16 As to the alternative basis on which the caveat might be supported - a charge created by s 139ZR(1) - such a charge is created by the service of the s 139ZQ notice, although it is not registered until the subsequent issue of a certificate under s 139ZR(4). In this case, a charge was registered, but subsequently deregistered after the Federal Magistrate's judgment set aside the notice. Now that the order of the Federal Magistrate has been stayed, it is at least arguable that the result is that the charge under s 139ZR(1) - though not the registered charge - is resurrected pending the determination of the appeal. Such a charge would create a caveatable interest in the chargee.

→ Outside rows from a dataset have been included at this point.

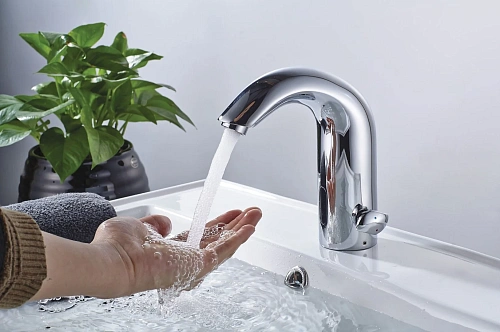 Смеситель для раковины Lemark Project LM4656CE сенсорный, хром Смеситель для раковины Lemark Project LM4656CE сенсорный, хром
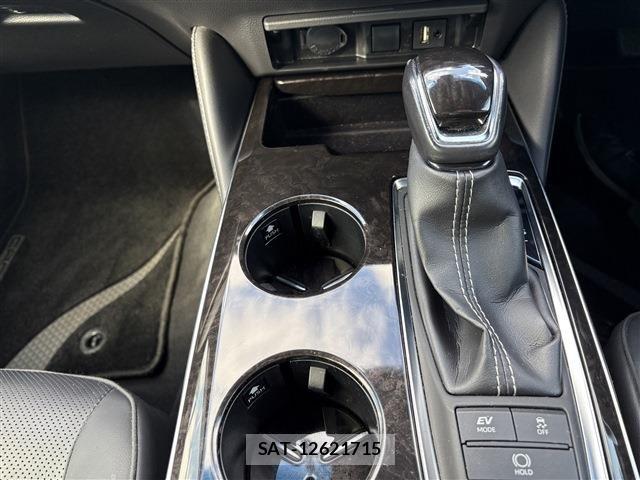 Toyota CROWN SEDAN 2018-10 5864080-29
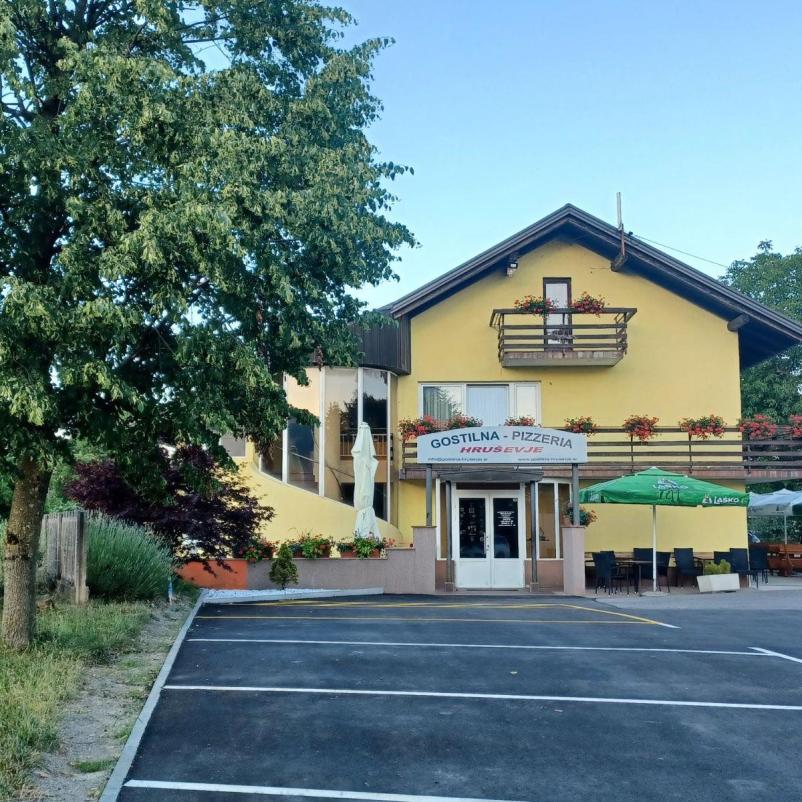 Looking for a place to eat in Postojna?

17 The difficulty with that argument, however, as Mr J T Johnson for Mr Vale points out, is that on no view was any such charge in existence when the caveat was lodged, and on the face of the caveat it does not claim an interest pursuant to s 139ZR, nor an interest "as chargee". No such interest could have existed when the caveat was lodged; accordingly, it cannot be the interest claimed in the caveat.
18 Accordingly, it does not appear, and I am not satisfied, that the caveat has or may have substance. If, as appears to be the case, what is really sought is interlocutory relief in aid of the appellate process in the Federal Court, then the appropriate remedy would be an injunction in the Federal Court restraining Mr Vale from dealing with the properties to which the Trustee lays claim. But the pendency of the appellate proceedings does not constitute a caveatable interest capable of giving substance to the caveat.

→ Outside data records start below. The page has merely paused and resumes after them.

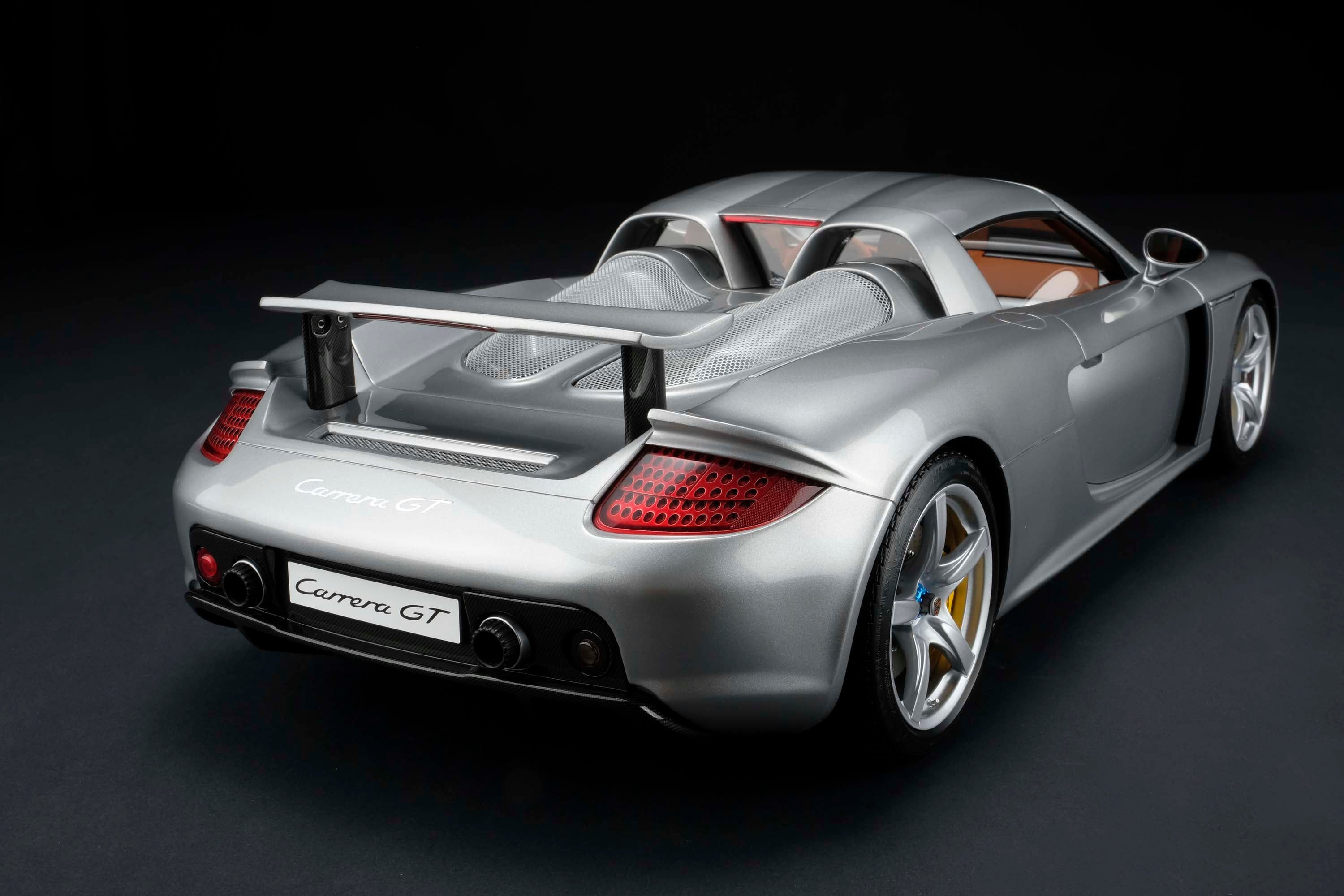 Amalgam 1:8 scale Porsche Carrera GT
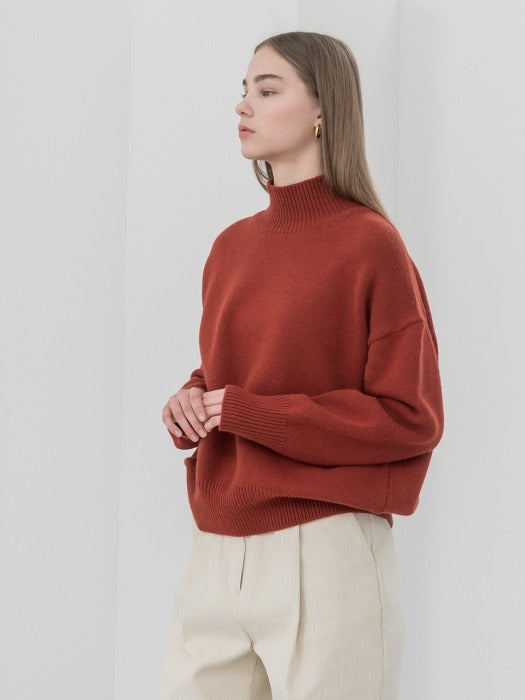 [TILLIDIE] Wool drop shoulder turtle neck sweater in wine_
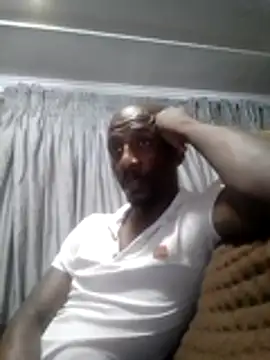 longdickson12345 online show from December 3, 7:24 pm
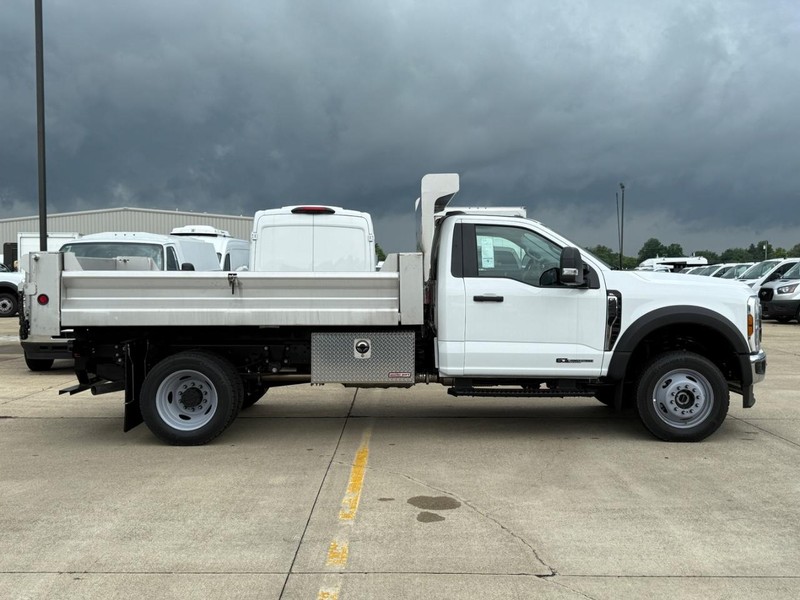 Ford Super Duty F-450 DRW Vehicle Full-screen Gallery Image 2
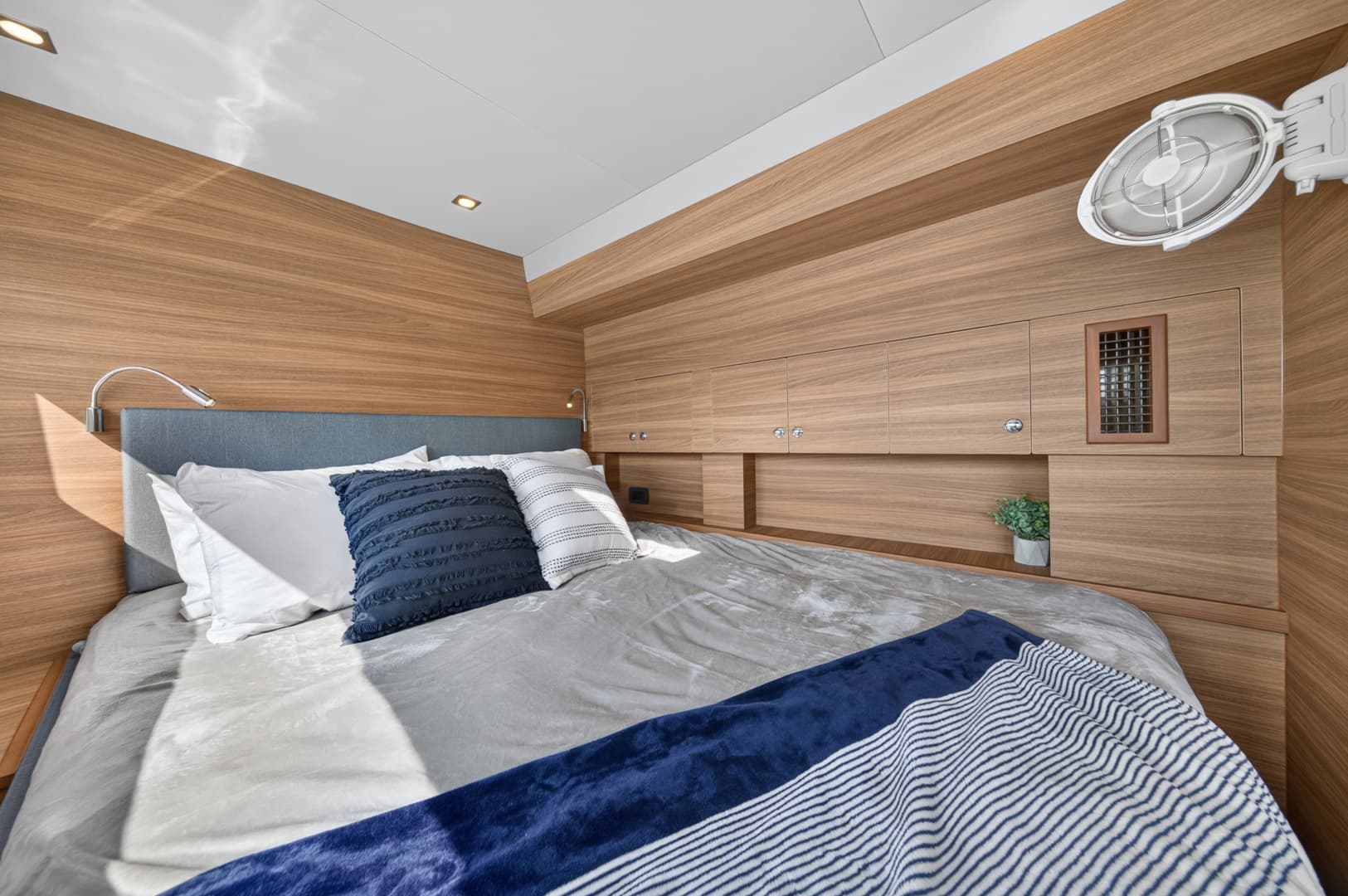 2025 Aquila 54 YACHT photo 30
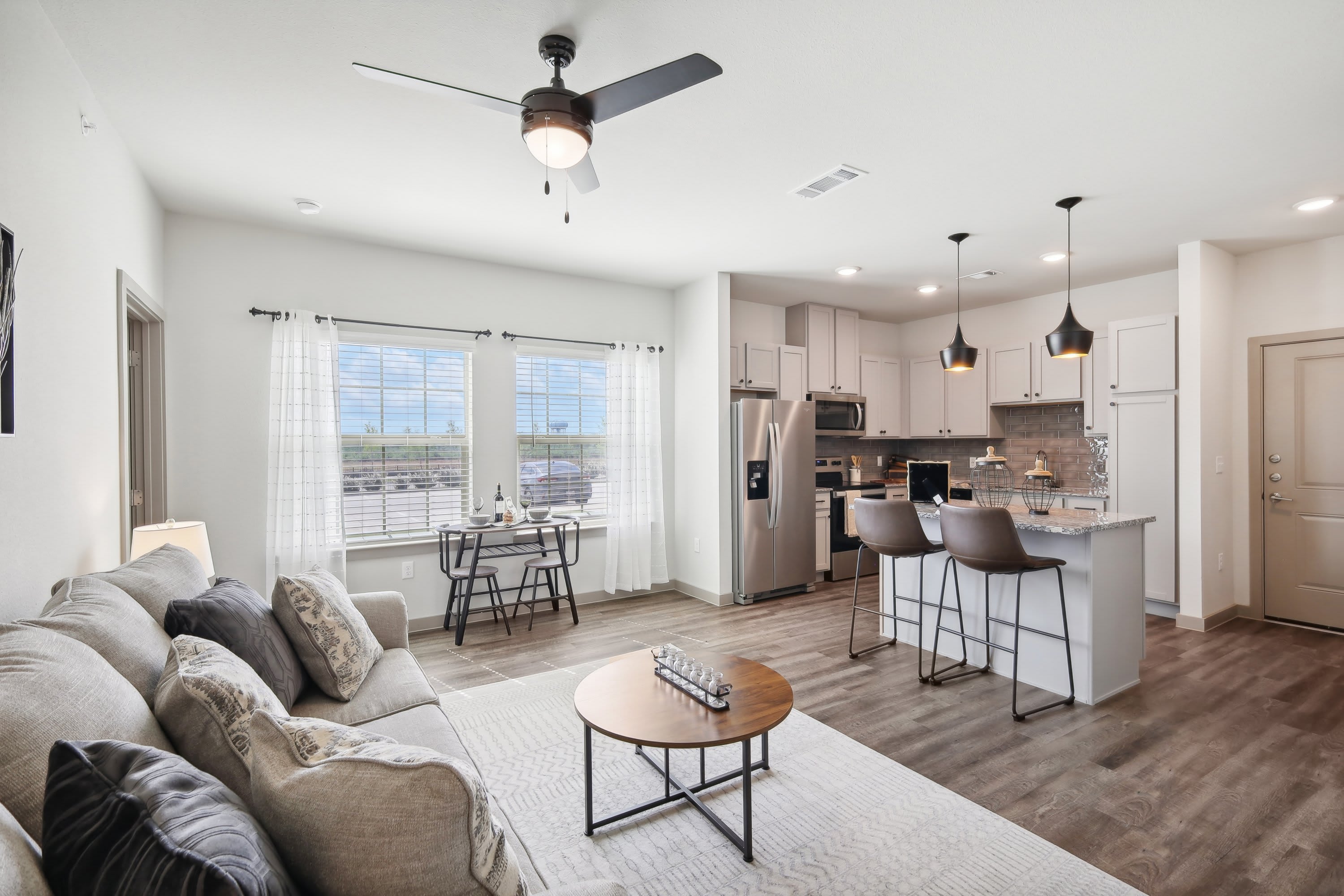 Azora Ranch Apartments – photo 1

19 For those reasons, I am not satisfied that the caveat may have substance. I am, accordingly, required by Real Property Act, s 74K(2), to dismiss the application.

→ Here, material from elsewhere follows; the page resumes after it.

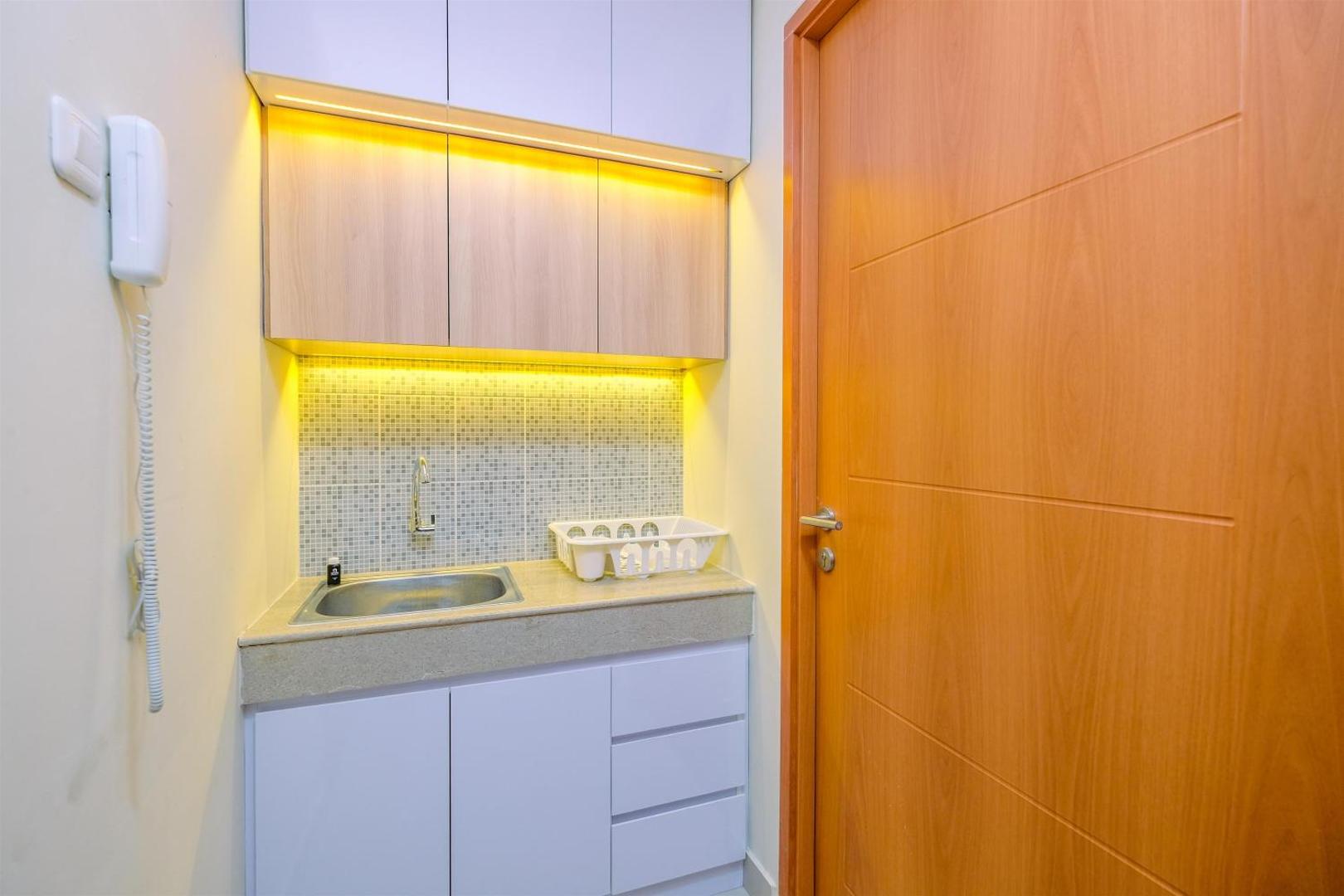 Bild 4: Nice 2BR at 26th Floor Evenciio Margonda Apartment By Travelio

20 Even if I thought it arguable, on the s 139ZR ground, that there was a caveatable interest, significant factors pertaining to the balance of convenience and other discretionary considerations would incline me not to extend the operation of the caveat. In this regard, while it cannot be said that until very recently expedition has characterised the approach of any of the parties to the administration of this bankrupt estate, it is to be noted that the notice of appeal from the Federal Magistrate's decision was filed out of time and required an extension of time; that the initial application for a stay was not entertained by Buchanan J who, nonetheless, invited a further application on additional evidence; and when such further application was made in the appropriate jurisdiction, namely, the Federal Court, it was ultimately dismissed by consent on 23 May 2008.
21 Moreover, as to the balance of convenience, there remains a caveat in respect of the Cook's Gap property, which has apparently been valued at $315,000 and, though it is subject to a prior encumbrance, that prior encumbrance appears to secure a liability of only about $20,000, which leaves sufficient equity to cover the whole of the Trustee's claim of $270,000.
22 For all those reasons, then, I order that the summons be dismissed with costs.